Your goal: Return exactly the final stretch of the records below, opening with the line that contains "Metabo cordless cut" and closing with the last line.

Records provided:
Segment Open

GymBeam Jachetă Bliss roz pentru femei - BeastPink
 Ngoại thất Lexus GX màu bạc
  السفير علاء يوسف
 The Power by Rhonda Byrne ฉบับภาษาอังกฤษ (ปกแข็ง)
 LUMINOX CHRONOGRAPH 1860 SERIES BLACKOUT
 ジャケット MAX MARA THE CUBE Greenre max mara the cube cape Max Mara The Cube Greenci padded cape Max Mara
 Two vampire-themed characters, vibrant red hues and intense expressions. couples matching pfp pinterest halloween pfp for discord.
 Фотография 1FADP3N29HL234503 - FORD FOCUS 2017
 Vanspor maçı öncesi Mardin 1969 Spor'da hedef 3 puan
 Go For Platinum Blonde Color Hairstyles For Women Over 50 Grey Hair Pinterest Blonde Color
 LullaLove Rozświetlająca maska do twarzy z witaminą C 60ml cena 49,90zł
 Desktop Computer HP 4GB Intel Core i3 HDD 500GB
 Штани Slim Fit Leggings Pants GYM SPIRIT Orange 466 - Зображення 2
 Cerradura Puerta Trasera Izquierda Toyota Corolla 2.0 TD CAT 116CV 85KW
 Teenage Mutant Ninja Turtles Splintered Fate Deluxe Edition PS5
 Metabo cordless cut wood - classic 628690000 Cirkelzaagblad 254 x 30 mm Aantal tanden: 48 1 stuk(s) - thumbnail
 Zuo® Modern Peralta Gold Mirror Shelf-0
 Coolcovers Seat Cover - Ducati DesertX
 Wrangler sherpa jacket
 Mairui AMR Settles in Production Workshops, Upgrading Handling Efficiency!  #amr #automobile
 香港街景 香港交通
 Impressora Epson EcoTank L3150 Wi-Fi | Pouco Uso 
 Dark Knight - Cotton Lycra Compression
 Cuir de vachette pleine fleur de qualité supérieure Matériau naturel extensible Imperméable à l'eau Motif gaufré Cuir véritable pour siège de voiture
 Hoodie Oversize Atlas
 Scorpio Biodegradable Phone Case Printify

Segment Closed

Your response:
 Metabo cordless cut wood - classic 628690000 Cirkelzaagblad 254 x 30 mm Aantal tanden: 48 1 stuk(s) - thumbnail
 Zuo® Modern Peralta Gold Mirror Shelf-0
 Coolcovers Seat Cover - Ducati DesertX
 Wrangler sherpa jacket
 Mairui AMR Settles in Production Workshops, Upgrading Handling Efficiency!  #amr #automobile
 香港街景 香港交通
 Impressora Epson EcoTank L3150 Wi-Fi | Pouco Uso 
 Dark Knight - Cotton Lycra Compression
 Cuir de vachette pleine fleur de qualité supérieure Matériau naturel extensible Imperméable à l'eau Motif gaufré Cuir véritable pour siège de voiture
 Hoodie Oversize Atlas
 Scorpio Biodegradable Phone Case Printify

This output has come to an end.